IEEE Access (Jan 2019)
Dissection on Java Organs in GitHub Repositories
Abstract
Organ transplantation has brought convenience for software reuse and evolution since it was proposed. However, studies about mature, high-quality organs are still insufficient. It is still unclear about the detailed characteristics of organs in the open-source environment. In this paper, we look deep into organs obtained from software evolution processes of the ten large-scale Java repositories hosted on GitHub, aiming at providing practical information for utilizing organs in the open-source environment.

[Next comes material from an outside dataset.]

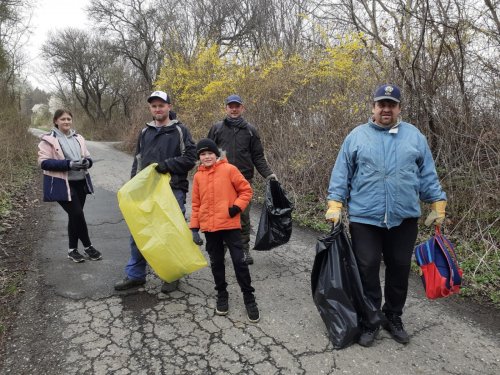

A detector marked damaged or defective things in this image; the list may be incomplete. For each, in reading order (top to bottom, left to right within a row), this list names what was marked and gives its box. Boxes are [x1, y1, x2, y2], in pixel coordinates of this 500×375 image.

cracked pavement [0, 137, 498, 374]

We found that: 1) commits use add as a keyword in their comments possess the most organs, occupying 38% of the total amount, but commits with the keyword fix possess the highest locating accuracy (about 57%); 2) developers prefer to add new classes when they bring new functionalities to the projects in that the proportion of class level organs is 40%, more than statement level organs' and function level organs' (35% and 25%, respectively); 3) nearly 70% of the total amount are cross-file organs with the median of the number of files each organ spans reaching three and the average of this value being around four; 4) a small number (0.55%) of organs are multi-commit; 5) more than 40% of code reuse in the open-source software can be finished by organ transplantation. Based on our findings, we highlight implications for future studies and design the mode of using organs to conduct code reuse.